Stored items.
▼▼▼
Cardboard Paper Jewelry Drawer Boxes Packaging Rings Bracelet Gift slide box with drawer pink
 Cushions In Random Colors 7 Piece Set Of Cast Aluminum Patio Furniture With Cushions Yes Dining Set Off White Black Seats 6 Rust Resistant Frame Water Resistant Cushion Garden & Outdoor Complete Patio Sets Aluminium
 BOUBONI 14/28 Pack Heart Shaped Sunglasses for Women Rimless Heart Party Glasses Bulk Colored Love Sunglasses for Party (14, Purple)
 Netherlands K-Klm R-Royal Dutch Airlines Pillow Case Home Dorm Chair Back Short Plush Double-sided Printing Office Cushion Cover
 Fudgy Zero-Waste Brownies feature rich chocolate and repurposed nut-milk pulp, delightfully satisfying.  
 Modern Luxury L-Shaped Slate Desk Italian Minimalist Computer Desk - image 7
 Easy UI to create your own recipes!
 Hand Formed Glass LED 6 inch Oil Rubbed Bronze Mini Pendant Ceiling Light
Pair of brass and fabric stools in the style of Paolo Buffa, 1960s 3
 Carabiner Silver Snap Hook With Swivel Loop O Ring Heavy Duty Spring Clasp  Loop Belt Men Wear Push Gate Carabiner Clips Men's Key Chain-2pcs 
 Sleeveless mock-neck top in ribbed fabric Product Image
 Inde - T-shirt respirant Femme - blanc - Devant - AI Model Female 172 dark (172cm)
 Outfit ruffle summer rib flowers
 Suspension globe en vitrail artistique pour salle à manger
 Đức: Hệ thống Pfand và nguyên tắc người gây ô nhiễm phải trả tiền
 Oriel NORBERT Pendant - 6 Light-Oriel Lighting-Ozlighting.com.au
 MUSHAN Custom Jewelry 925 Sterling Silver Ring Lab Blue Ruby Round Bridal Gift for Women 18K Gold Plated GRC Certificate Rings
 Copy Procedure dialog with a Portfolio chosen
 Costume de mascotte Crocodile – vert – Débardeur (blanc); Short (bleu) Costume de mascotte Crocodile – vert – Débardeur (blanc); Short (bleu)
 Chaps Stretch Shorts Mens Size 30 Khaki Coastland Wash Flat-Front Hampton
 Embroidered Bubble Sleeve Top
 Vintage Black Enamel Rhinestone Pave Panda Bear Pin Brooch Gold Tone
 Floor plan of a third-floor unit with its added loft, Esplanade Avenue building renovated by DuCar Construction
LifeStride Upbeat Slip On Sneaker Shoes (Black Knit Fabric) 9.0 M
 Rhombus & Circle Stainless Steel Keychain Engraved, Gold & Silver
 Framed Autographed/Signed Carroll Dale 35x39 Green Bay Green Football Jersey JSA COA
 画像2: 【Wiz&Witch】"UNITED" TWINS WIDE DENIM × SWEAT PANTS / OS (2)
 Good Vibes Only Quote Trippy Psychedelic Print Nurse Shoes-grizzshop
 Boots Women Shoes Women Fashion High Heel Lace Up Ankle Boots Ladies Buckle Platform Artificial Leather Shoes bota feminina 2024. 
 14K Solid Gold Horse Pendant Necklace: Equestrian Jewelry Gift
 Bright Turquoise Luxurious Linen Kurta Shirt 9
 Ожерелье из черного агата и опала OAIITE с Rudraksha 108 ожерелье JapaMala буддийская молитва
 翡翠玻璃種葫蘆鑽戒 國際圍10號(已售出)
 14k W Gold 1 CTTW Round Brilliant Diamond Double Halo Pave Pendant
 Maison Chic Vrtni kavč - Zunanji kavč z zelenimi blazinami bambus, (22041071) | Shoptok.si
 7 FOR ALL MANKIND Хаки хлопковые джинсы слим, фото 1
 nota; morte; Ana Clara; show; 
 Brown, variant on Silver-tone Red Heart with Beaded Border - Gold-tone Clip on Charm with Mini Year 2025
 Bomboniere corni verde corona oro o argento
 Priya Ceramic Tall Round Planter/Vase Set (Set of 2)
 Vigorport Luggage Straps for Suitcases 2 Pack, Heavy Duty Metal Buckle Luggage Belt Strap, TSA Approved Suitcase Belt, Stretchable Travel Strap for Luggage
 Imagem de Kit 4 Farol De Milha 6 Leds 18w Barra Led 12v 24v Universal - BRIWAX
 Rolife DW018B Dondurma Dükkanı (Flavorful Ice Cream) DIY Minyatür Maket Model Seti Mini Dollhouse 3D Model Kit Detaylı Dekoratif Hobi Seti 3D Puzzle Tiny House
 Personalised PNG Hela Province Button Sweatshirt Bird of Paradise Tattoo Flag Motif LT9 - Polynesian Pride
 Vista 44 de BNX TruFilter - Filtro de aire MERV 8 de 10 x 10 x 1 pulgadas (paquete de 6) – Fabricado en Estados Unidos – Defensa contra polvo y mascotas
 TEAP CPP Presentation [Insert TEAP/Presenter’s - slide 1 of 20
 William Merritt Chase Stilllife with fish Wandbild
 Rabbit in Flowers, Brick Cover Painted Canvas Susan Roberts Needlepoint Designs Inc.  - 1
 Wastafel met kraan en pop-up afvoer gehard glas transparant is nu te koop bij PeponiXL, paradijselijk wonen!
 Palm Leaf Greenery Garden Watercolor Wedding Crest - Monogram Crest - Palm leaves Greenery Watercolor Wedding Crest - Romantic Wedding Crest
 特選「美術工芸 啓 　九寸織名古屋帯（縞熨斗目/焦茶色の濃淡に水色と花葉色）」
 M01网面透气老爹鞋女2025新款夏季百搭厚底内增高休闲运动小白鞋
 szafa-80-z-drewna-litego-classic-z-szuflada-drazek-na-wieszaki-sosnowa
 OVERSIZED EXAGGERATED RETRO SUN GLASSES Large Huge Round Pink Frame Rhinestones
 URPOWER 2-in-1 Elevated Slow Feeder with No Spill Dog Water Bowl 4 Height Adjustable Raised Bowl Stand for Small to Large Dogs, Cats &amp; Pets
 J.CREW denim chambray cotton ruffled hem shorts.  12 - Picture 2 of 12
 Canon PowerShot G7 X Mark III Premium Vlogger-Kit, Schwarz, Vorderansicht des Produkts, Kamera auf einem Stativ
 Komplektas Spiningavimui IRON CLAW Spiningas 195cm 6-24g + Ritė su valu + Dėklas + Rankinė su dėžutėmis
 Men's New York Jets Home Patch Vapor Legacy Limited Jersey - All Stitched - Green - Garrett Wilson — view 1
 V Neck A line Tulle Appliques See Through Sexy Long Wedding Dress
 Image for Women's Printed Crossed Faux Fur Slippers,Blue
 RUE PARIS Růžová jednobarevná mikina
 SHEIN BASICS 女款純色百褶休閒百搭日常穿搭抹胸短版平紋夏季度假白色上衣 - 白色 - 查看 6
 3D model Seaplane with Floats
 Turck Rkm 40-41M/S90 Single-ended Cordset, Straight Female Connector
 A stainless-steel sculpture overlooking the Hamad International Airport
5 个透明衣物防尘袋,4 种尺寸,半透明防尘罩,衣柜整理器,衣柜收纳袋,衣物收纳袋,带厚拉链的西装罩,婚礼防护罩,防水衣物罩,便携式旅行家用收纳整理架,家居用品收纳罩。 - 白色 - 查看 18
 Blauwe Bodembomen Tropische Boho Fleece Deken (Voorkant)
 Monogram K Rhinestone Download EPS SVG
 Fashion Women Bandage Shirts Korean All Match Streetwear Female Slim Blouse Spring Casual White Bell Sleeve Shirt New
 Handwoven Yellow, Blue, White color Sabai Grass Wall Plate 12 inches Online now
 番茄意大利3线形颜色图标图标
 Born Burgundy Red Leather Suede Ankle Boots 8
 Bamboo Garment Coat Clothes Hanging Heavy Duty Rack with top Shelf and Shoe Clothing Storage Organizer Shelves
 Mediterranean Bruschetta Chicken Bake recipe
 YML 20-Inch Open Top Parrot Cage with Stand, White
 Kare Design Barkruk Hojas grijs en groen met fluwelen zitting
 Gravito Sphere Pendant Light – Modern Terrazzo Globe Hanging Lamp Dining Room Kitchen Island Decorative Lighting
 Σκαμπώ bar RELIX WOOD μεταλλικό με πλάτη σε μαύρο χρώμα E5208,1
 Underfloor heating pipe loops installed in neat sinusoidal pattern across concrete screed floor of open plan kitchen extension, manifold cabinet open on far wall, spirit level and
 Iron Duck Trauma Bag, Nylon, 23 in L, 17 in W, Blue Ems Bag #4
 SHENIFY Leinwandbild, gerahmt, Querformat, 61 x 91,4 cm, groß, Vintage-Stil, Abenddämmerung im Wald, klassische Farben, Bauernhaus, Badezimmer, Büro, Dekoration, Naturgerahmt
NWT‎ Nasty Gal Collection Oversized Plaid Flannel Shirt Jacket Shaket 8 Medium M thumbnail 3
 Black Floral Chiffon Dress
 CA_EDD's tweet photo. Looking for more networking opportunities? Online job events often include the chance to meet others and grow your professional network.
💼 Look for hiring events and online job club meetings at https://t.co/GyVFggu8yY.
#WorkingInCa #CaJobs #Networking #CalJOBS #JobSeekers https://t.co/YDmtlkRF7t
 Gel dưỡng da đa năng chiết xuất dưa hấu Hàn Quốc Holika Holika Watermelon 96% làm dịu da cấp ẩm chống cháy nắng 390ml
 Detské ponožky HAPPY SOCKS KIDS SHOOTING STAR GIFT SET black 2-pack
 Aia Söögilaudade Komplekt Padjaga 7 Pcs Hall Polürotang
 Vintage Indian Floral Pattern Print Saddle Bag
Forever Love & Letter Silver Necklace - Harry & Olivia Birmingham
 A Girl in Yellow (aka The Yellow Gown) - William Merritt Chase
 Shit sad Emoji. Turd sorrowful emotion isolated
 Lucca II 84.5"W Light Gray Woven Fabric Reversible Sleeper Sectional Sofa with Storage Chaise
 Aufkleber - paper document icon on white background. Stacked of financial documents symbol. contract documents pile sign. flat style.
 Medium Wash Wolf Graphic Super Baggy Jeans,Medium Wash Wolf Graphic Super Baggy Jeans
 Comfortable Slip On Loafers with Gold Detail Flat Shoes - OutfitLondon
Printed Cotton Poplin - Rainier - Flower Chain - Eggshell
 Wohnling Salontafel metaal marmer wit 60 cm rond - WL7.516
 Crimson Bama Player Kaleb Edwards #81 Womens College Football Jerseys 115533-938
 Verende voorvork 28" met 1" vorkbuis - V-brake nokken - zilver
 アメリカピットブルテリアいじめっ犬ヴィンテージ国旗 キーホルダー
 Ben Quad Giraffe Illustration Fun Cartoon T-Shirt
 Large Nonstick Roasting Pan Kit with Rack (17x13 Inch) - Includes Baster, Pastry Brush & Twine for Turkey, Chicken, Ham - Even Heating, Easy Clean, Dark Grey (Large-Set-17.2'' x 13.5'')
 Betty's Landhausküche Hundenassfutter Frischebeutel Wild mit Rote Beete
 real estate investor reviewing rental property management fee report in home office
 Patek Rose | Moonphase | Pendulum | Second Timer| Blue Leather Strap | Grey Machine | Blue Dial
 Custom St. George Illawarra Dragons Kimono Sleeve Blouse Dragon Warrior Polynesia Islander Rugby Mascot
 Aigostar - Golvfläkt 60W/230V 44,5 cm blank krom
▲▲▲
INSTRUCTIONS TO FOLLOW.
Among the lines above, repeat exactly those from the line with "Handwoven Yellow, Blue, White" to the line with "YML 20-Inch Open", counting both ends.

SOLUTION BELOW.
 Handwoven Yellow, Blue, White color Sabai Grass Wall Plate 12 inches Online now
 番茄意大利3线形颜色图标图标
 Born Burgundy Red Leather Suede Ankle Boots 8
 Bamboo Garment Coat Clothes Hanging Heavy Duty Rack with top Shelf and Shoe Clothing Storage Organizer Shelves
 Mediterranean Bruschetta Chicken Bake recipe
 YML 20-Inch Open Top Parrot Cage with Stand, White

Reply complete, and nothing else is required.